The riveting story of Ferdinand Magellan’s historic 60,000-mile ocean voyage—now updated with a new introduction commemorating the 500th anniversary of his journey.
“Prodigious research, sure-footed prose and vivid descriptions make for a thoroughly satisfying account... it is all here in the wondrous detail, a first-rate historical page turner.”— New York Times Book Review
Ferdinand Magellan's daring circumnavigation of the globe in the sixteenth century was a three-year odyssey filled with sex, violence, and amazing adventure. Now in Over the Edge of the World, prize-winning biographer and journalist Laurence Bergreen entwines a variety of candid, firsthand accounts, bringing to life this groundbreaking and majestic tale of discovery that changed both the way explorers would henceforth navigate the oceans and history itself.
Now updated to include a new introduction commemorating the 500th anniversary of Magellan’s voyage.

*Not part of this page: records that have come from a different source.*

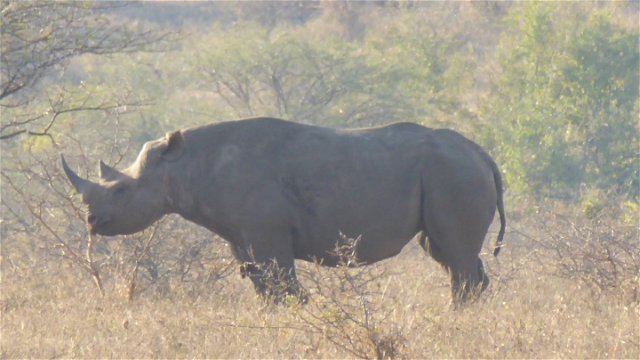 The Black Rhino we sighted
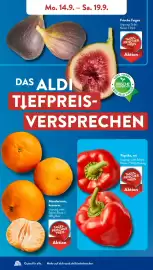 Aldi Süd Prospekt woche 38 Seite 3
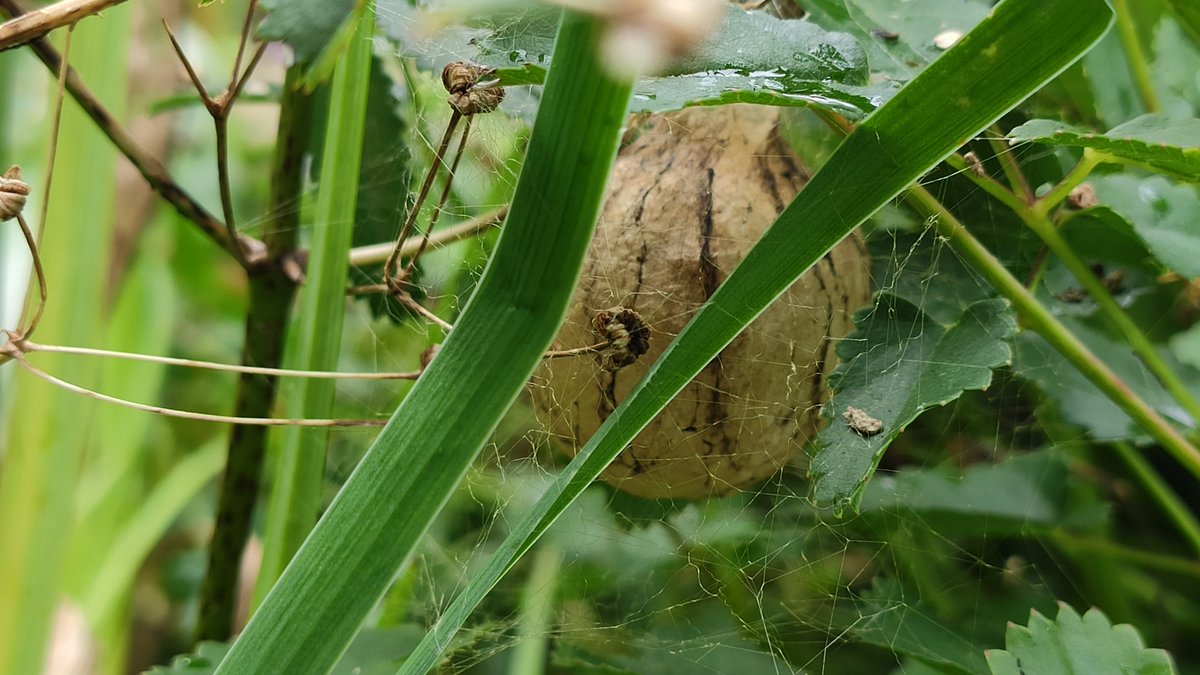 dwaalspoor's tweet photo. Zo te zien heb ik volgend jaar ook wespspin in de tuin. https://t.co/1LkwgMcRdb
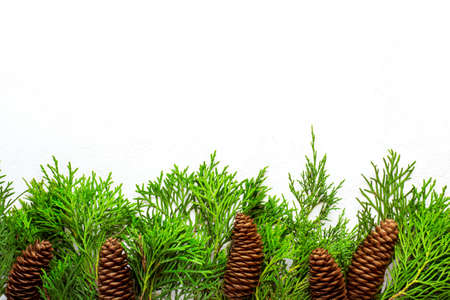 White Christmas background with natural decor. Border of coniferous branches and conesの写真素材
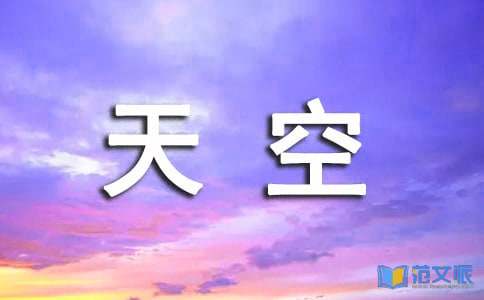 《天空之城》观后感(精)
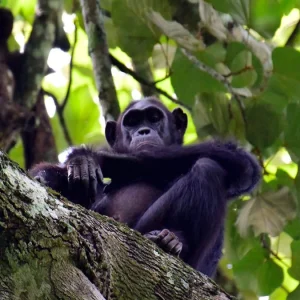 Kibale National Park is Uganda's top destination for chimpanzee tracking. Self-drive from Kigali in a 4x4 — hire yours from $45/day with insurance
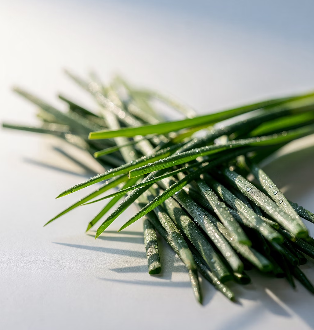 간에 좋은 음식 10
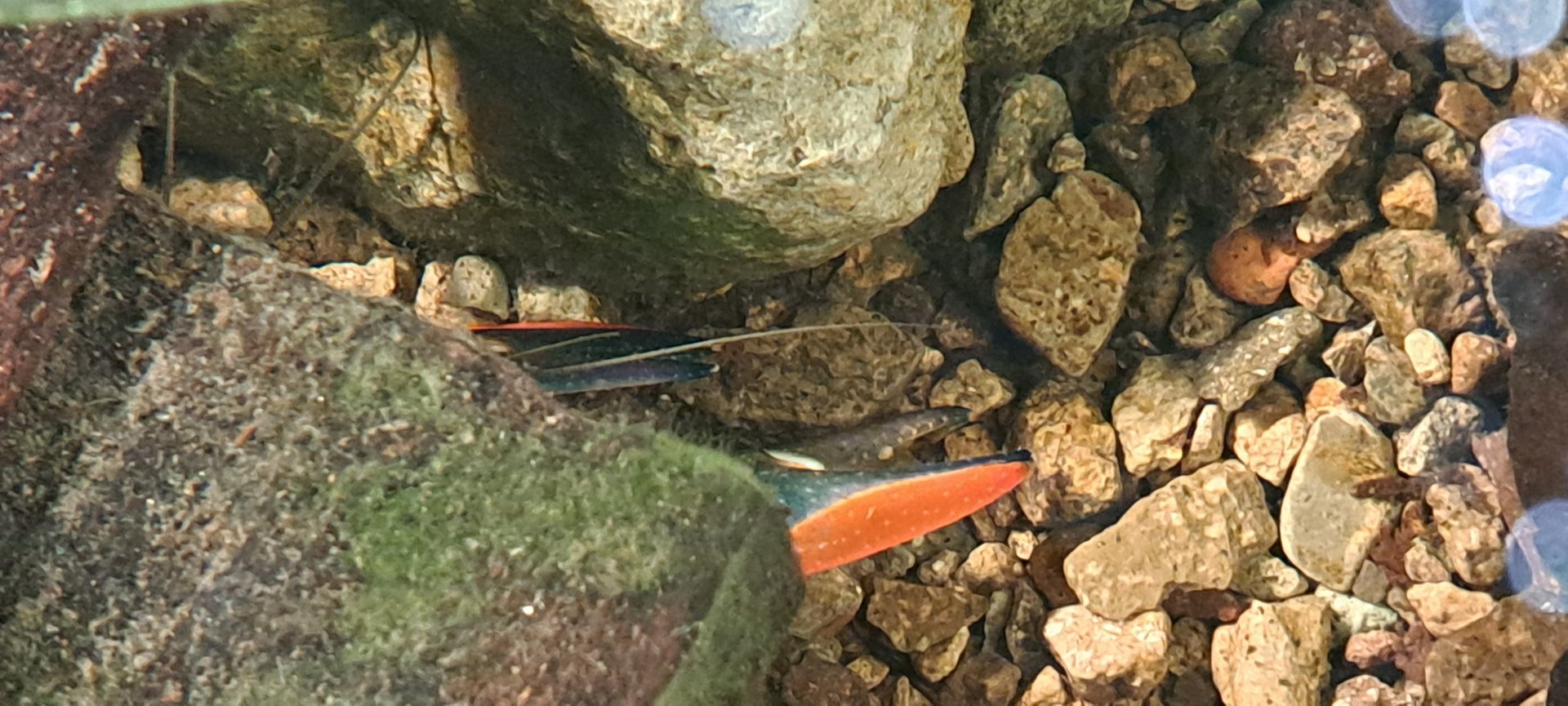 Australian Redclaw Crayfish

Journalist Bergreen, who has penned biographies of James Agee, Louis Armstrong, Irving Berlin and Al Capone, superbly recreates Portuguese navigator Ferdinand Magellan's obsessive 16th-century quest, an ill-fated journey that altered Europe's perception of the planet: "It was a dream as old as the imagination: a voyage to the ends of the earth.... Mariners feared they could literally sail over the edge of the world." In 2001, Bergreen traveled the South American strait that bears Magellan's name, and he adds to that firsthand knowledge satellite images of Magellan's route plus international archival research. His day-by-day account incorporates the testimony of sailors, Francisco Albo's pilot's log and the eyewitness accounts of Venetian scholar Antonio Pigafetta, who was on the journey. Magellan's mission for Spain was to find a water route to the fabled Spice Islands, and in 1519, the Armada de Molucca (five ships and some 260 sailors) sailed into the pages of history. Many misfortunes befell the expedition, including the brutal killing of Magellan in the Philippines. Three years later, one weather-beaten ship, "a vessel of desolation and anguish," returned to Spain with a skeleton crew of 18, yet "what a story those few survivors had to tell a tale of mutiny, of orgies on distant shores, and of the exploration of the entire globe," providing proof that the world was round. Illuminating the Age of Discovery, Bergreen writes this powerful tale of adventure with a strong presence and rich detail. Maps, 16-page color photo insert. (On sale Oct. 14)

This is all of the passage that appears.